Exécution des marchés publics et CCAG : attention à bien poser les règles du jeu !

Il est ADMYS qu’à défaut de faire expressément référence au CCAG applicable dans les documents contractuels, le juge procède à une déduction au regard des clauses du CCAP pour vérifier le respect de la procédure d’achèvement du marché par les parties.

 

Dans cette affaire, la commune de Still a confié à la société X le lot n°4 « charpentes métalliques » dans le cadre d’une opération de restructuration de la mairie. Dans un premier temps, le soumissionnaire a transmis au maître d’ouvrage un « décompte définitif » faisant apparaître un solde positif en sa faveur, décompte qui a été validé par le maître d’œuvre.
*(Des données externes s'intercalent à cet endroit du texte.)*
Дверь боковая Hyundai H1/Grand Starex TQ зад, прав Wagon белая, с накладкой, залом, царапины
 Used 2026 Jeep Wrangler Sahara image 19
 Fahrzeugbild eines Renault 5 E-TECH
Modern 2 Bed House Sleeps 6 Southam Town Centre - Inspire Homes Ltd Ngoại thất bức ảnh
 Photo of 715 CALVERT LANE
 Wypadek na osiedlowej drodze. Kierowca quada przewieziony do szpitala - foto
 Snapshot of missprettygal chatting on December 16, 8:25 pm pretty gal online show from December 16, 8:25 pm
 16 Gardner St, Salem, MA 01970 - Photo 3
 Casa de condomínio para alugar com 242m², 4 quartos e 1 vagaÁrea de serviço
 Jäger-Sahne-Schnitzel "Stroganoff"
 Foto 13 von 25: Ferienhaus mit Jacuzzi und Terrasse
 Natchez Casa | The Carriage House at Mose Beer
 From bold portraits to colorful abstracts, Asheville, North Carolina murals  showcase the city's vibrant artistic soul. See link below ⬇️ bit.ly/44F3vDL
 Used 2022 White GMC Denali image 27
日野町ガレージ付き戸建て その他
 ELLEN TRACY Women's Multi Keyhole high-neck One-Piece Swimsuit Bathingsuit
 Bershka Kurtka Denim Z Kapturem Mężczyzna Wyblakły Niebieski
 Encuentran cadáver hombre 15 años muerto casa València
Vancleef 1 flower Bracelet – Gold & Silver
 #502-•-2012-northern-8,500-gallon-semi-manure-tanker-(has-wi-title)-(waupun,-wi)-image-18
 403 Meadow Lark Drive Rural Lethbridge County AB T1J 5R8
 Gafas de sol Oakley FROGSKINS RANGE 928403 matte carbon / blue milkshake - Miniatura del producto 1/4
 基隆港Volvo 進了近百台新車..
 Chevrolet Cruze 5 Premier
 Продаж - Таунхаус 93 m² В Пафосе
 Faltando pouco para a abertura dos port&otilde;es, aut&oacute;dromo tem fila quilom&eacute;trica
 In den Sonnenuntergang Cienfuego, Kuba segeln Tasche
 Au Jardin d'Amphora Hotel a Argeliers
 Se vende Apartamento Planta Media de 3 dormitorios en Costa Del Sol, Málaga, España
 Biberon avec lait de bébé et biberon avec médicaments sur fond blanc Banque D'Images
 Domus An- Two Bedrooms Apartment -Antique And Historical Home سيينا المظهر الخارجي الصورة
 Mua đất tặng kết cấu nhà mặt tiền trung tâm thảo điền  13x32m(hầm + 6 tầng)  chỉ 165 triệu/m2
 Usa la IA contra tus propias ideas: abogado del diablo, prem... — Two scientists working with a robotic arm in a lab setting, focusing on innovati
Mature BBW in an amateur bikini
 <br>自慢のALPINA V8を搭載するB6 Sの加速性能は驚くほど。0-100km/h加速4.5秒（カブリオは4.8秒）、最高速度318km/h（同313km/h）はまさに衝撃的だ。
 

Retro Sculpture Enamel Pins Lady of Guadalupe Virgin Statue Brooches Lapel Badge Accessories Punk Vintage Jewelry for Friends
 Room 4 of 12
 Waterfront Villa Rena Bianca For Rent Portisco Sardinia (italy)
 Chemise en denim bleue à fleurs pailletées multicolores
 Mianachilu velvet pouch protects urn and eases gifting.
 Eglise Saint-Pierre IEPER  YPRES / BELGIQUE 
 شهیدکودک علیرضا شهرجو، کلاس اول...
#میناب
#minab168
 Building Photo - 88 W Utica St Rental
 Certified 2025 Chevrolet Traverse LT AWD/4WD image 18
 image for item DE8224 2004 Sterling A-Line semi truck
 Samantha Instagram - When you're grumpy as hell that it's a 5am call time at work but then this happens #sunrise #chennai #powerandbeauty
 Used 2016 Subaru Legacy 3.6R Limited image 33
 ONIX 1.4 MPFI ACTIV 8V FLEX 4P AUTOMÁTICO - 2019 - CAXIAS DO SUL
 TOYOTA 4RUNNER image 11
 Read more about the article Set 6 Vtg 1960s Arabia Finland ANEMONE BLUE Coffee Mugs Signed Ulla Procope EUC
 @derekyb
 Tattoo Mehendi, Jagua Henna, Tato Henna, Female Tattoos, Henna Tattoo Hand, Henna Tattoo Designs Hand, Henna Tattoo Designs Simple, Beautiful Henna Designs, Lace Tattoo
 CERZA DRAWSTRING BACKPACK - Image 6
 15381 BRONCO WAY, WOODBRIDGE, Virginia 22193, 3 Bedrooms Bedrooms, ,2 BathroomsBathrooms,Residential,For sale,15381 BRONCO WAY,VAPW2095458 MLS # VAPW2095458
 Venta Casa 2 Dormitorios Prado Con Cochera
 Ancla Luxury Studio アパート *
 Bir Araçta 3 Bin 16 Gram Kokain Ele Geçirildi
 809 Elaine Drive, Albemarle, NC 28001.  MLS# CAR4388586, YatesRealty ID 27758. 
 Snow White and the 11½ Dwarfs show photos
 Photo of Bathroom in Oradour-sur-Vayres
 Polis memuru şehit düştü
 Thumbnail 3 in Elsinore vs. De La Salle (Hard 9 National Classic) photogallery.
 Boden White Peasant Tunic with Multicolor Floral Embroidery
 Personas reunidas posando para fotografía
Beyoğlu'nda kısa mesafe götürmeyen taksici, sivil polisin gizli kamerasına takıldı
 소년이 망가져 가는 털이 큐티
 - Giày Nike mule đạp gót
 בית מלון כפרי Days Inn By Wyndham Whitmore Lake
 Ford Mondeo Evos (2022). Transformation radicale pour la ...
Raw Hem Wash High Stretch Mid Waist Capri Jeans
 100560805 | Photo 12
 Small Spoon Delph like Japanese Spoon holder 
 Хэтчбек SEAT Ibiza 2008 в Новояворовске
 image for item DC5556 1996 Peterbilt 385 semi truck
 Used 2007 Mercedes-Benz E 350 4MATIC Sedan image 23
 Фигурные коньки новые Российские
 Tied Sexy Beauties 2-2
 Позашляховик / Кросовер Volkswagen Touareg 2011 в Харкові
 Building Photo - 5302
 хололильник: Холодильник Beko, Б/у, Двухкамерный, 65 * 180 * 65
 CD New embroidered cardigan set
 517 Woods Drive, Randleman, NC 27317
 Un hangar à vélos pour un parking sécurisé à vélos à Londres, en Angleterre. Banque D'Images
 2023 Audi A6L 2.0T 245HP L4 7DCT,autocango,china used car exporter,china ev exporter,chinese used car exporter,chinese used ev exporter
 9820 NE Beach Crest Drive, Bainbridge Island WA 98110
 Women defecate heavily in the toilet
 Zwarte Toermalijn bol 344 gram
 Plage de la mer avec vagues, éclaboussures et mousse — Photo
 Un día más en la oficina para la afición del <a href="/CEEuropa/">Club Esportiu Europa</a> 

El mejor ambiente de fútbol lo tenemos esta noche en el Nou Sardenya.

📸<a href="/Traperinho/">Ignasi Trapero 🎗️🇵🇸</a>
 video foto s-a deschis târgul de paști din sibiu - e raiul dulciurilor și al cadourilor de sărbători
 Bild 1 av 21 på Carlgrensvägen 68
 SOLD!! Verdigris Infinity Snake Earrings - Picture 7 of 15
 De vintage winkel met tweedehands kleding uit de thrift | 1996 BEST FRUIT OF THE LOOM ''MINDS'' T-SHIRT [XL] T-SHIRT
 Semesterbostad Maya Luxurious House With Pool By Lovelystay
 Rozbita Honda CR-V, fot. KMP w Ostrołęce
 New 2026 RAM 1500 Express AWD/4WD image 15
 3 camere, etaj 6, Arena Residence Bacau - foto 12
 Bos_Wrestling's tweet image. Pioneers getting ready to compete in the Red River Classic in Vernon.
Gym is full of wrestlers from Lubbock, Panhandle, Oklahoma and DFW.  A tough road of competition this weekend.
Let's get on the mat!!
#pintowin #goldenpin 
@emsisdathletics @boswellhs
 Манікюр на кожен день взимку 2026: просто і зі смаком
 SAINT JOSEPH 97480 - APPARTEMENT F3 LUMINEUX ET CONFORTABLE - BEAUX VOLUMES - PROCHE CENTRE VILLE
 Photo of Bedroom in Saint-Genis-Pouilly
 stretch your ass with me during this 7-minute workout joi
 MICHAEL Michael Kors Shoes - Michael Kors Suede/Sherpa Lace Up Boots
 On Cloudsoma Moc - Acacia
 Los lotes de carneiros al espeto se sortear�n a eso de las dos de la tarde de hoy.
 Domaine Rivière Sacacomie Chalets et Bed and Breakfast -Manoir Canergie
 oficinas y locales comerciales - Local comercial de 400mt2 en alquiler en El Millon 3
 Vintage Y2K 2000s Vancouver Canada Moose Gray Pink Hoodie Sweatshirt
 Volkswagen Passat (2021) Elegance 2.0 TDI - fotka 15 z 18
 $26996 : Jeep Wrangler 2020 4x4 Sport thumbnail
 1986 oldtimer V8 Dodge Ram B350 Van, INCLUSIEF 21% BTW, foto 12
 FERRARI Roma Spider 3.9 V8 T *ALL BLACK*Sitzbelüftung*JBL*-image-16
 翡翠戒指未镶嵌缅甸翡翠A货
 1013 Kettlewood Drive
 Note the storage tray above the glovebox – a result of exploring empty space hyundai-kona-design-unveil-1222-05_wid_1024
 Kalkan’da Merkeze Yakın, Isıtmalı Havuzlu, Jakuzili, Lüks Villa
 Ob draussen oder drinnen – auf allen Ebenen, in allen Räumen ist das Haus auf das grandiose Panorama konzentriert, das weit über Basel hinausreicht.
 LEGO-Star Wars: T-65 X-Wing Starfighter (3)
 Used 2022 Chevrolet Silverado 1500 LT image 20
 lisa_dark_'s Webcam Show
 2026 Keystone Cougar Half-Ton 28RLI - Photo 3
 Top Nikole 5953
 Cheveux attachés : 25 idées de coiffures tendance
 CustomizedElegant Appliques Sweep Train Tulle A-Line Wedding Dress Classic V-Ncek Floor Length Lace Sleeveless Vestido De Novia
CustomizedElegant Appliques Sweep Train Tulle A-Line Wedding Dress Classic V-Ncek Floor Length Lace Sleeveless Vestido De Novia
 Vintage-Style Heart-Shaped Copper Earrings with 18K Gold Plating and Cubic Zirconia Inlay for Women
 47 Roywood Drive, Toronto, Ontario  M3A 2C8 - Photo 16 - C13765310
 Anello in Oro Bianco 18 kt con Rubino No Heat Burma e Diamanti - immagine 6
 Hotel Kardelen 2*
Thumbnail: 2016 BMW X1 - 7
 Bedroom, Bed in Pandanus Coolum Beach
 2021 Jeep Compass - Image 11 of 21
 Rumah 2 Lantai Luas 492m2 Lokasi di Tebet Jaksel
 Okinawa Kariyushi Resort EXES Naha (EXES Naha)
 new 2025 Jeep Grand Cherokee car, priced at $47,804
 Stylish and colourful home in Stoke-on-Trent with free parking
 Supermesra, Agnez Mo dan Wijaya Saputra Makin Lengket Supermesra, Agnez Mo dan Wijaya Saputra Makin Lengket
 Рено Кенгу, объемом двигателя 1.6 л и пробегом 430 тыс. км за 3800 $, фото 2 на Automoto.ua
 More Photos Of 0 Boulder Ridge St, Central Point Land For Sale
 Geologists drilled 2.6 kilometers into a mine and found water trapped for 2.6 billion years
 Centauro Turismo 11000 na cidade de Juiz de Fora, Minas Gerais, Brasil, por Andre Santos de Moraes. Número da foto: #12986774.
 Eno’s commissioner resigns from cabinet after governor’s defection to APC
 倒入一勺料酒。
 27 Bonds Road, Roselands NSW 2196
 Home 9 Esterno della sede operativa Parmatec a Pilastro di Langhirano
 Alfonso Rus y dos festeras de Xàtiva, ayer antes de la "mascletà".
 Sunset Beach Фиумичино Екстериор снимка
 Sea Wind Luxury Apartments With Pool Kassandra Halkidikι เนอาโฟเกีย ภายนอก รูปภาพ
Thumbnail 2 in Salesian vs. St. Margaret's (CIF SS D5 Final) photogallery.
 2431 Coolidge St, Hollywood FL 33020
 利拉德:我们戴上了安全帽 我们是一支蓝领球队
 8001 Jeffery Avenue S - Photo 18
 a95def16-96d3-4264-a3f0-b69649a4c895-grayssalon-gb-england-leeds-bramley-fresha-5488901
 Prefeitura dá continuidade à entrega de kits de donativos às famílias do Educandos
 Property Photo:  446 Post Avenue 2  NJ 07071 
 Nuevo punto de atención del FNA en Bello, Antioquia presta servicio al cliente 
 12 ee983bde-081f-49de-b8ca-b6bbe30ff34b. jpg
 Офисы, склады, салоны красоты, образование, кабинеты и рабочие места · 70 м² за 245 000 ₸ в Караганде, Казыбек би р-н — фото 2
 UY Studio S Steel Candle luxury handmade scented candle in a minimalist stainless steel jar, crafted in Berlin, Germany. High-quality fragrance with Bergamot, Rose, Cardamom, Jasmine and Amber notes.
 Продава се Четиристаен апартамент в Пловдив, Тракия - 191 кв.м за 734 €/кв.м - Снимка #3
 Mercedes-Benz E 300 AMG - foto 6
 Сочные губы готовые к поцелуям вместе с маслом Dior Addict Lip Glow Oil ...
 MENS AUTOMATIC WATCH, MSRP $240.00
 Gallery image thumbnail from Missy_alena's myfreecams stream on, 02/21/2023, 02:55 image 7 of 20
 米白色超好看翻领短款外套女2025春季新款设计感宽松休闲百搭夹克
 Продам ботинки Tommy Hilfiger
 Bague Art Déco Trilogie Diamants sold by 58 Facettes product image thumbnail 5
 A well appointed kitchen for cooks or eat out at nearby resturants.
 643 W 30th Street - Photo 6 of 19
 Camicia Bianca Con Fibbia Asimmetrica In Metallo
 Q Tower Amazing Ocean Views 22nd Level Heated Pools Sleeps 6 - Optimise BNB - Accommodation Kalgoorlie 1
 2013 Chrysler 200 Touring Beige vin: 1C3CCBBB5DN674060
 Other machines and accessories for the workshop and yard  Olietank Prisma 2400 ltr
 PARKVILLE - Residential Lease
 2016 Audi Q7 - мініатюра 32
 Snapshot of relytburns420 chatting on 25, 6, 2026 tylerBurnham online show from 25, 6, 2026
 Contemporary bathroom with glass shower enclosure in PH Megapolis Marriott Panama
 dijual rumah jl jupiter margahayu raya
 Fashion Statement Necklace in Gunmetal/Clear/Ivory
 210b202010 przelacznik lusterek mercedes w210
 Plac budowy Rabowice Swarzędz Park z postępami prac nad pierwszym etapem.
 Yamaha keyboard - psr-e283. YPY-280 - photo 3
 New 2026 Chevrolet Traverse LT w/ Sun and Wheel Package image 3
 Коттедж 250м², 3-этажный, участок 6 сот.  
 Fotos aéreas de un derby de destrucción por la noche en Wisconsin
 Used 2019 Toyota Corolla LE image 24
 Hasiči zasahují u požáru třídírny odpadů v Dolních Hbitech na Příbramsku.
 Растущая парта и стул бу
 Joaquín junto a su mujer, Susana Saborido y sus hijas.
Dans un second temps, la commune a émis un titre exécutoire à l’encontre de la société ayant pour objet le paiement de pénalités de retard.

 

C’est dans ce contexte que la société X a saisi le Tribunal administratif de Strasbourg d’une demande tendant à l’annulation du titre exécutoire susvisé, puis à la condamnation de la commune de Still au paiement du solde du « décompte définitif ». Les juges du fond ont rejeté cette demande (TA Strasbourg, 22 janvier 2021, req. n°1906858).

 

Dans son arrêt du 2 avril 2024, la Cour administrative d’appel de Nancy démontre l’importance de déterminer au préalable le CCAG applicable dans les documents particuliers du marché afin que les parties se soumettent aux procédures prévues dans les documents généraux.

 

Dans le marché litigieux, le CCAP ne faisait référence à aucun CCAG et indiquait seulement que les clauses étaient rédigées conformément au CCAG et que le cocontractant était censé avoir connaissance de ces documents généraux. Ces lacunes nécessitent pour les juges de procéder à un travail de déduction à travers les clauses afin de vérifier le respect de la procédure :

 

  • Quel CCAG de référence ? Les juges parviennent à identifier que le CCAG de référence était le CCAG Travaux de 2009, au regard des renvois et dérogations aux documents généraux dans une liste récapitulative.

 

  • Quelle version du CCAG ? Le CCAG du 8 septembre 2009 (version ante 2014) a été modifié par l’arrêté du 3 septembre 2014 (version post 2014), dont les dispositions s’appliquent à compter du 1eravril 2014. A défaut de stipulations précises sur ce point et la consultation ayant été lancée en 2016, les juges retiennent que la version post 2014 était applicable, et cela malgré le fait que le maître d’ouvrage soutenait que la commune intention des parties était de se cantonner à la version ante

 

Dans ces circonstances, la CAA de Nancy a considéré que la société X n’avait pas respecté la procédure d’établissement du décompte général et définitif (ci-après « DGD») prévue à l’article 13.4.4. En effet, en mettant en demeure la commune de Still d’établir le DGD postérieurement au jugement du TA, elle n’était pas recevable à solliciter le versement du solde à la charge du maître d’ouvrage, le silence gardé par l’administration pendant plus de dix jours n’ayant pas fait naître de décompte tacite.

 

En outre, s’agissant de l’imputation des pénalités, la commune n’était pas fondée à émettre un titre exécutoire avant l’établissement du DGD dès lors que l’article 20 du CCAG Travaux post 2014 impose que les opérations en lien avec l’exécution du marché soient arrêtées dans le DGD. Or, cette disposition n’avait pas été intégrée dans les dérogations au CCAG et les parties n’avaient pas entendu écarter ce principe. Ainsi, malgré les usages de la commune en la matière, cette dernière a méconnu les règles imposées par le CCAG. Partant, la CAA procède à l’annulation du titre exécutoire de la commune.

 

Compte-tenu des modifications successives intervenues entre les différentes versions des CCAG Travaux, la détermination en amont du CCAG applicable et des dérogations constitue une étape indispensable à la bonne exécution du marché et au respect des règles fixées par ces documents généraux.